The Federal Supreme Court (STF) has also issued, in recent months, decisions that are equally relevant regarding precatórios.
In the decision on Extraordinary Appeal (RE) No. 579.431, the STF determined that it is possible the provisional enforcement of a specific performance ordered against the Public Treasury, since the regime of precatórios would only apply to payment obligations. For the purposes of general repercussion theory, the STF approved the following wording: “The provisional enforcement of a specific performance ordered against the Public Treasury does not attract the constitutional regime of precatórios”.
In the decisions on ADIs No. 4,357 and No. 4,425, the STF determined that the Reference Interest Rate (TR) be maintained as an index for monetary restatement of the debts arising from precatórios until March 25, 2015, and that, from that date, the Broad Consumer Price Index (IPCA-E) rate will be applied. The exception is debts arising from tax precatórios, which must be monetarily restated using the SELIC interest rate.
In the decision on Extraordinary Appeal (RE) No. 579.431, the STF also decided, having recognized the general repercussion of the matter, which is an element of admissibility, that interest on arrears applies for the period between the preparation of the calculations and the issuance of the precatório or the small value petition (RPV), which differs from the precatório because it has a payment term of only 30 days for debts in the amount of up to 60 minimum wages.
Initially, upon suggesting the approval of the general repercussion theory, the STF intended to acknowledge the application of interest on arrears for the period in question only for RPVs. However, the understanding was altered, and the general repercussion theory was readjusted to also cover precatórios.
The decision handed down by the STF is based on the assumption that the calculation and issuance of the precatório does not constitute payment and does not terminate the liability of the debtor, rather it is, in fact, merely a liquidation of the debt.
According to the STF, Binding Statement No. 17, which provides for the non-application of interest on arrears for the period of 18 months provided for in Article 100, Paragraph 5 of the Federal Constitution, was found not to apply in this case, which refers to the application of interest on arrears for the period between the preparation of the calculations and the issuance of the precatório, which precedes the period established in the Federal Constitution.

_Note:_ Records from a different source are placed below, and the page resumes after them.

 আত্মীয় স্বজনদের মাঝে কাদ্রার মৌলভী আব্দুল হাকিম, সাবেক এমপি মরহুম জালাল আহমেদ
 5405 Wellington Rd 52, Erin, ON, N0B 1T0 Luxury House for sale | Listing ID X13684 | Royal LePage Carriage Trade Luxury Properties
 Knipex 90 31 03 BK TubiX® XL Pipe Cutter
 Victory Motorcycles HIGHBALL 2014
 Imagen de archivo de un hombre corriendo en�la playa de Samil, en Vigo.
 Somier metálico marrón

On top of that, the STF held that Binding Statement No. 17 was not superseded by Constitutional Amendment No. 62/2009. Furthermore, a ruling on Proposed Binding Statement No. 111, which requires cancellation of Binding Statement No. 17, is still pending, which provides that "after the enactment of Constitutional Amendment No. 62/2009, interest on arrears and monetary restatement on the debts of the government shall apply starting with their issuance until their actual payment." This proposal had been suspended until the ruling on RE No. 579.431, which occurred recently.
The tendency, therefore, is the consolidation, by the STF, of the jurisprudential understanding that there will be interest on arrears starting with the preparation of the calculations until actual payment, in addition to reaffirmation of the rule contained in Article 100, Paragraph 5, of the Federal Constitution to the effect that precatórios should be paid within 18 months.
It remains to be seen what impact these legislative changes and stricter judicial decisions will have in a scenario of economic crisis and serious public indebtedness, which principally affects states and municipalities.